Dan Storyev
On September 4, Russian anti-fascist Azat Miftakhov was released from jail, only to be instantly rearrested. Vladimir Putin claims to be fighting Ukrainian Nazis — but he persecutes anti-fascists in Russia itself.
On a chilly morning, September 4, Elena Gorban stood outside a Russian prison. She was waiting for her husband to be released from jail after four years behind bars. Yet the mood was sour. She knew that the jailed anti-fascist Azat Miftakhov was likely to be immediately rearrested.
Azat came out wearing a prison uniform. Burly men in plain clothes, one of them masked, then made it clear to Elena, along with Azat’s mother and stepfather, that the anarchist mathematician wouldn’t be going free. They proceeded to inform the family that they would only have five minutes together.

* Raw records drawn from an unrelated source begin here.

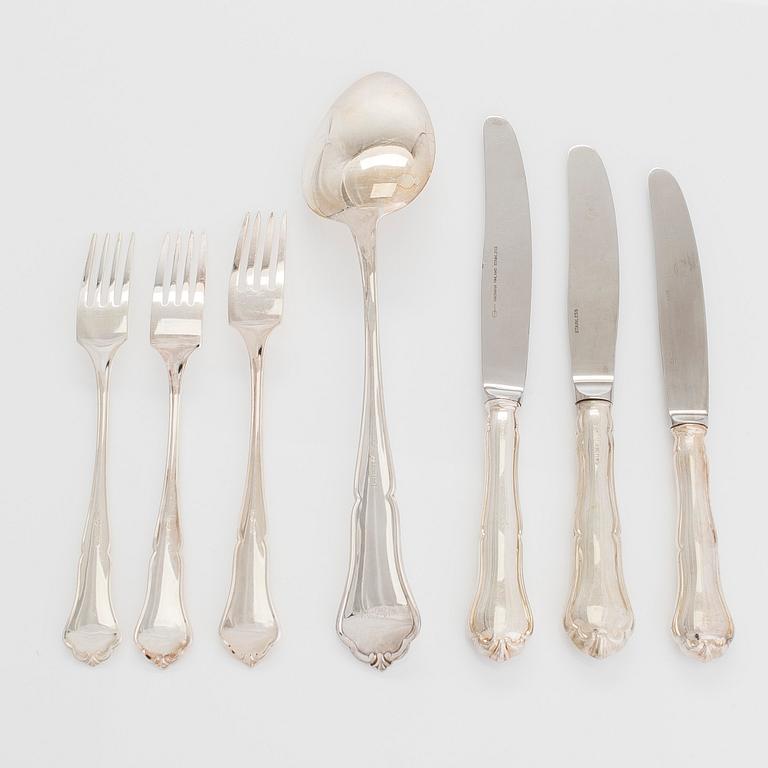 Bestickuppsättning, 55 delar, silver, "Chippendale", tre tillverkare, 1983-94.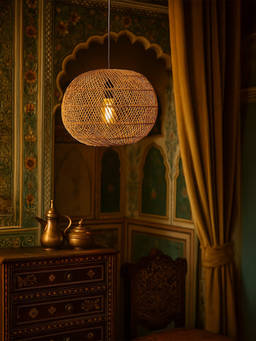 Whispering Homes - Orbicular Rattan Hanging Pendant Lamp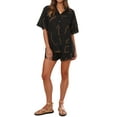 thumbnail image 2 of Michellecmm  Women’s 2 Piece Outfits Graphic Short Sleeve Button Shirt + Shorts, 2 of 9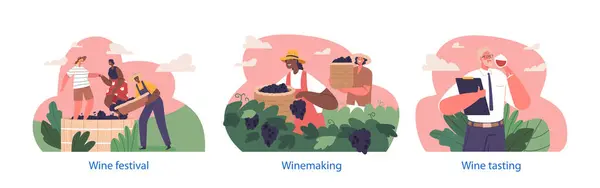 Isolated Vector Elements Winemakers Produce Wine Manual Winemaking Involves Hand — Stock Vector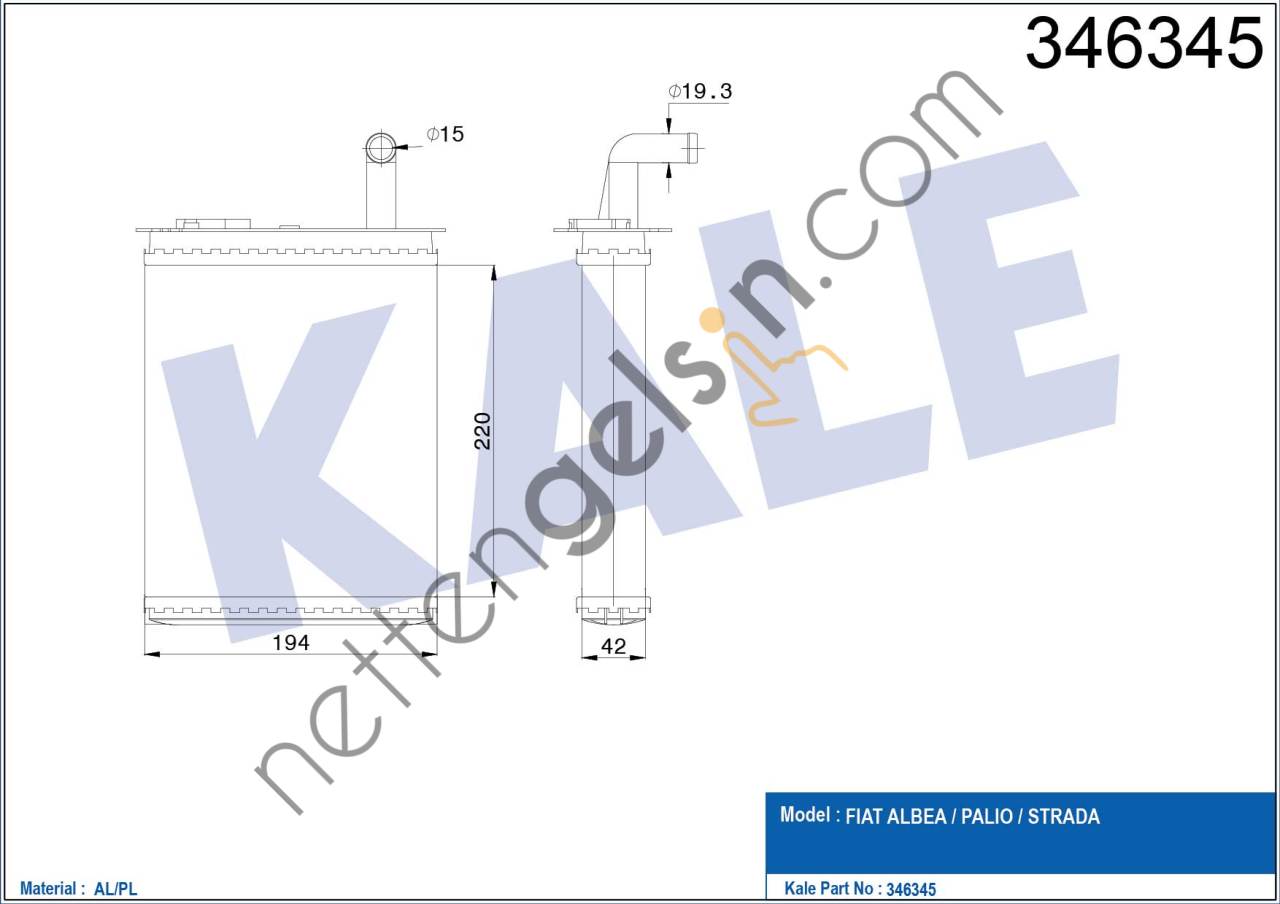 KALE 346345 KALORIFER RADYATORU ALBEA PALIO STRADA BMC PRO MUSLUKLU  FIAT BİNEK KALORİFER RADYATÖRÜ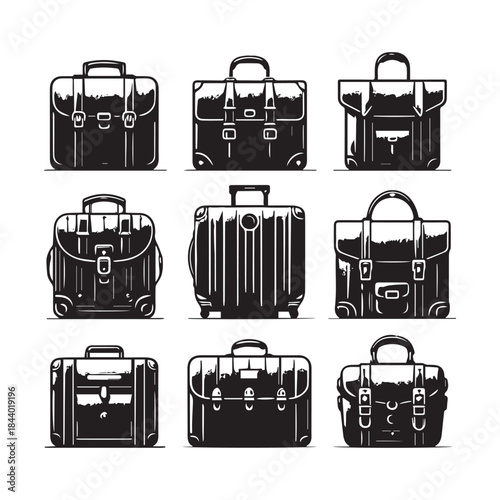 Black Suitcase Icons Pack – Travel Bag Vector Illustration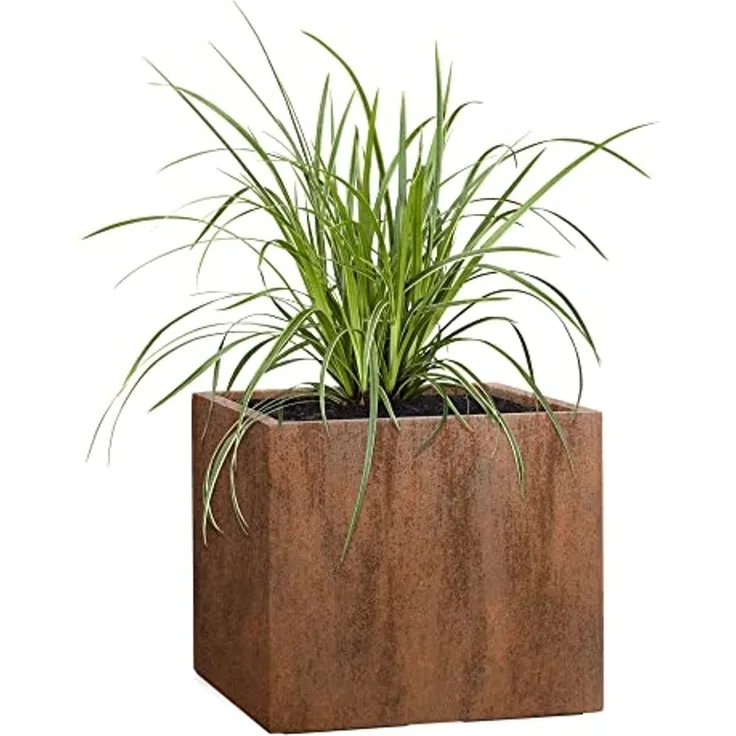 Pflanzwerk® Pflanzkübel CUBE Premium Fiberglas Blumenkübel Frostbeständig mit Lotus-Effekt, Lotus-Effekt - Handgefertigt - Eckig - Frostbeständig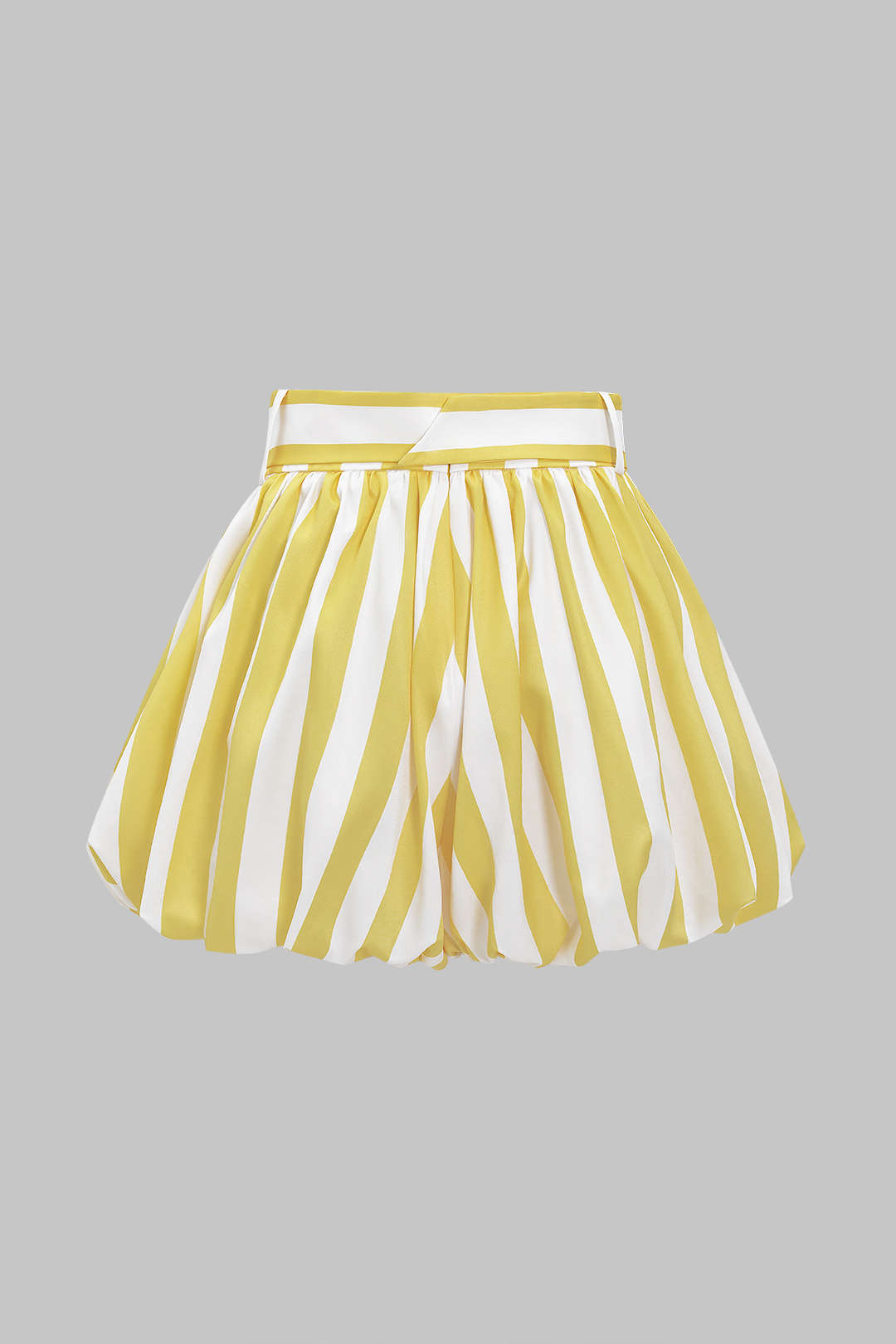 "Contrast Stripe Print Ruched Shorts"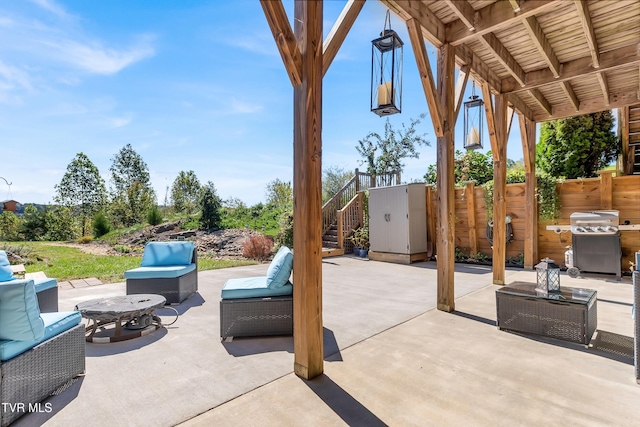 121 Hulse Rd, Jonesborough, TN 37659 - view of patio with a grill, stairs, and an outdoor living space
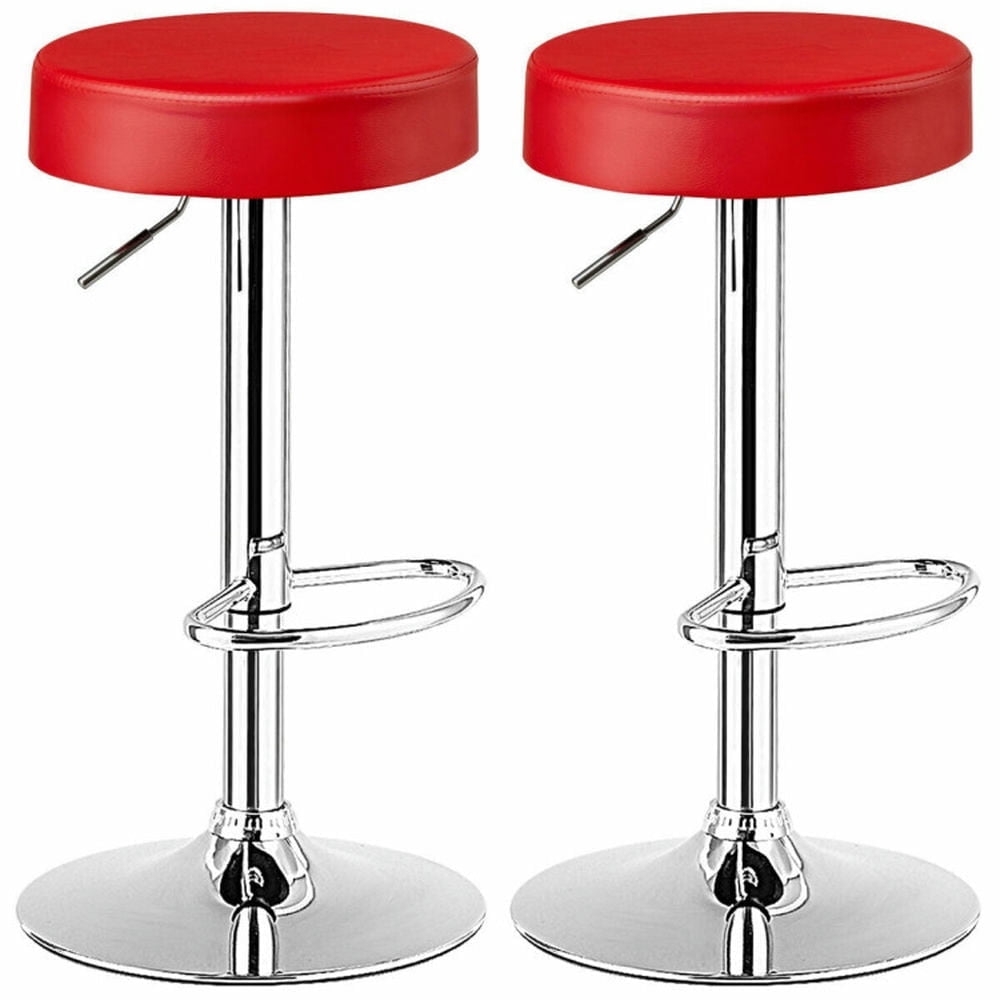 Spaco Set of 2 Adjustable Swivel Round Bar Stool Pub Chairs-Red, Bar Height Stools, Counter Height Bar Stools for Kitchen, Dining Room Spaco Set of 2 Adjustable Swivel Round Bar Stool Pub Chairs-Red, Bar Height Stools, Counter Height Bar Stools for Kitchen, Dining Room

Elena, who said she already wrote everything she wanted through her letters, simply embraced her husband. She held him until he was taken back into custody — and driven away for a transfer.
As authorities continue their inhumane treatment of the soft-spoken mathematician and anti-fascist activist, Vladimir Putin’s decades-long war on human rights and the Left is ever more evident.
Police Vendetta
Born in the small town of Nizhnekamsk, Tatarstan, Azat excelled in math since kindergarten, participating in countrywide competitions. He did his undergraduate study at the prestigious Moscow State University and then started his PhD in mechanical mathematics in 2015.
A committed anarcho-communist, Azat supports international struggles against capitalism and opposes the police state. In his 2019 court statement, as he faced trial, Azat said he “participated in opposition rallies and marches, distributed anarchist leaflets. . . . I was also involved in the fight against dishonest bosses and criminal realtors.” Azat concluded that his activism prompted “revenge” by the police.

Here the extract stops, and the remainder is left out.